The Cuyahoga County plan, proposed by Democrat Cuyahoga County Commissioner Tim Hagan, is a monster power grab for Cuyahoga County commissioners. Under Hagan's plan, endorsed by Republican Speaker of the House Husted from Kettering, the people would surrender their power to elect the auditor, recorder, treasurer, coroner, engineer, and sheriff to the county commissioners. Those offices would be manned by powerful, new bureaucrats, unaccountable to the people. The commissioners see no reason to bother the people with electing their own government officials when they can be appointed by those same commissioners.

They're selling this plan as a cost savings, and since there's no cost savings associated with this aspect of the plan except the cost of ink on ballots, they also propose combining the offices of auditor, recorder, and treasurer, centralizing all handling of taxpayer money into one office. Not only don't the commissioners like the people deciding who runs their government, they don't like having checks and balances on the handling of the taxpayers' money. The commissioners want to reduce the people to mere money suppliers with no power except to coronate those same county commissioners proposing this plan who will control taxpayers' money and therefore their votes.

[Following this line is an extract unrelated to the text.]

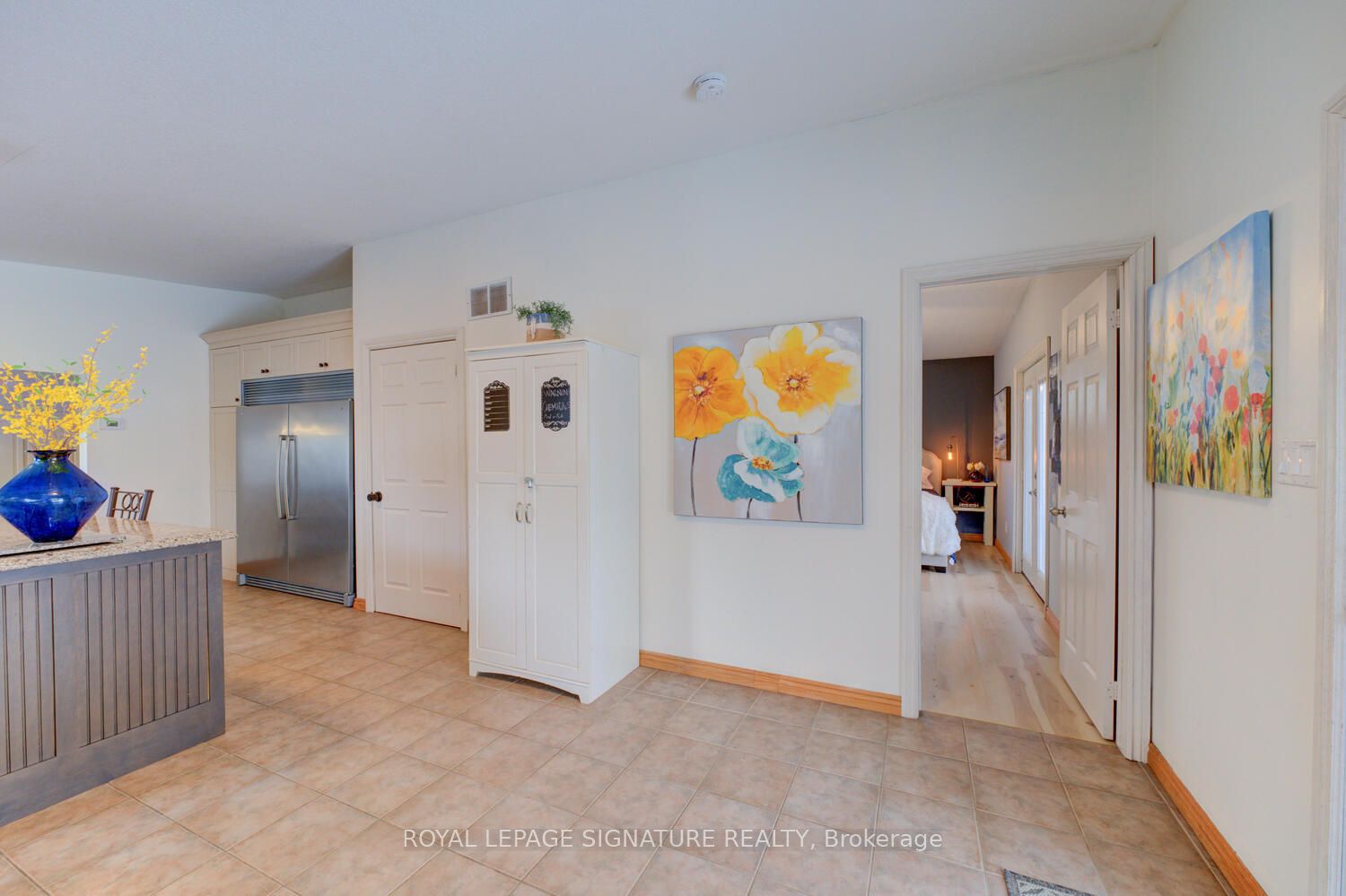 291 Lakeshore Road N Property Photo 27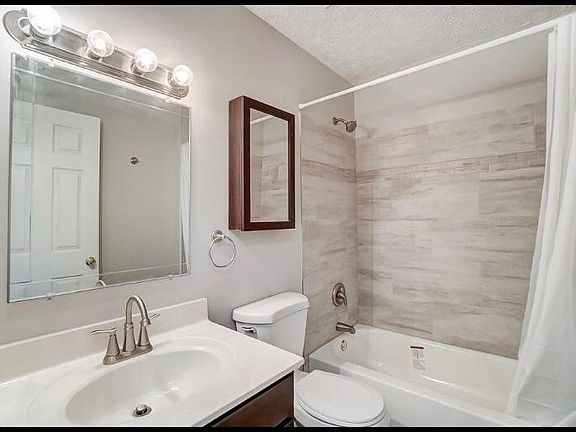 4th image of 8607 Fairbrook Ave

The Indiana plan is nearly identical, except it calls for replacing the 3 county commissioners with 1 county executive, and it calls for the elimination of the township level of government. This isn't reform. This is a historic power grab and a formula for nepotism, cronyism, single party rule, and massive corruption, consolidating power into the hands of a few, or 1, professional politicians. Richard Daley and Boss Tweed would be jealous. I guess the planners were afraid their power grab would be too transparent if they called for appointing prosecutors and judges too.

Of course the professional politicians love this plan. It boosts their power at our expense. That power will insure they never get voted out of office. Since politicians will sell this assault on political freedom as reform, and the majority of Ohioans vote to surrender their economic freedom to the government at every opportunity, voters will probably surrender. We lose. They win.

I hope my predictions are wrong because we need real reform, a return to limited government, and we have models of reform to follow. Ireland recently reduced its corporate tax rate to 12.5%, rocketed to third on the index of economic freedom, and its economy is soaring. Still remembering the devastation caused by big-government, eastern Europe adopted low, flat-tax rates and minimal bureaucracy and regulations, and their economies are thriving as a result. Meanwhile, US and western European economies flounder under the burden of big-government. Here in the US, Congress won't even debate the FairTax, the best tax reform plan in the world.

But we don't have to look that far for reform. Butler County recently lowered water rates by 10% and sewage rates by 15% by cutting 22 employees from their Environmental Services Dept. Citizens will suffer no reduction in service, so those jobs and that money were wasted. And don't worry about those lost jobs. The same private sector that paid for those wasteful government jobs will create valuable jobs from the savings. The real reform we need is just that easy.